Recipe: Basil and White Bean Soup

My pre-move experiments in simpler, faster cooking continue.  This is a simple and fast-to-prepare soup, the only challenging ingredient being fresh basil (which many stores have anyway, but its not something you’ll likely have lying around without a garden). It has a nice, light taste, though may need a bit more salt depending on your preferences – fair warning, a little salt goes a long way with this dish.

Ingredients:

  • 1 Yellow onion, diced
  • 1 cup carrots, diced
  • 3 cloves garlic (about 1 TBSP) crushed.
  • 3 cups of Cannellini beans (2 14.5 oz cans)
  • 3 cups vegetable broth (may need a bit more depending on how you make it)
  • ½ cup chopped fresh basil.

 

Preparation:

  1. Dice onion, and dry-sauté it with carrots and garlic until onion starts to soften.. Add 1 or 2 Tbsp of water if it gets sticky.
  2. Add all other ingredients, bring to boil, then simmer until the carrots are tender, but still a bit firm. Usually about 15 minutes.
  3. Serve.

 

– Steve

Lemon Broth Chazuke

Remember how I’ve been experimenting with chazuke for a quick meal?  Well here’s my latest creation, a chazuke uses lemon-flavored teas. Bigelow’s Lemon Lift was the one I used, but you can find others using lemon zest and the like. It has a taste reminiscent of chicken broth – enough I think you could use just the tea-garlic-soy mixture as a broth substitute.

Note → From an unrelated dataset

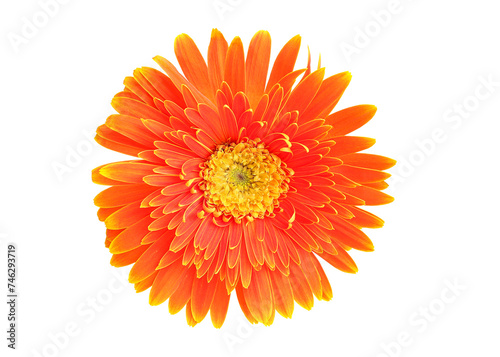 Bright orange Gerbera flowers heads isolated on white background with clipping path. Blooming Gerbera flower  Top view no shadows. Closeup.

Seriously, this is delicious – and remember you could probably whip this up at cons, especially with the right canned goods or a little refrigerator.

Ingredients:

  • 1 ½ cup lemon tea
  • 1 tsp crushed garlic (one clove)
  • 1 tbsp soy sauce
  • 3 cups steamed green vegetables – I use broccoli, collard, spinach (you can steam them in a microwave, but spinach will blanch if you pour boiling water on it, from say a coffee maker)
  • Either 1 cup garbanzo beans or 7 ounces of tofu, cubed. (Use 1 ½ cup beans/14 ounces tofu if really hungry or add a cup of rice)
  • ¼ cup frozen corn. (leave out if you use rice)
  • 1 tbsp chives.

Directions:

  1. 1) Make the tea by mixing the water, garlic, and soy sauce together. Add the tea bag after heated and let seep.
  2. Mix the vegetables, beans/tofu, and corn. Add the tea.
  3. Heat if necessary in microwave to unthaw corn/heat tofu
  4. Add chives, serve.

Recipe: Curried Split Pea Soup

This is a recipe I’m extremely proud of because I always wanted to make good vegetarian split pea soup.  Done right, it’s high in protein, nutritious, low in fat, and filling.  This is the 5th version of the recipe, and I’m quite happy with it – took nearly a year to perfect.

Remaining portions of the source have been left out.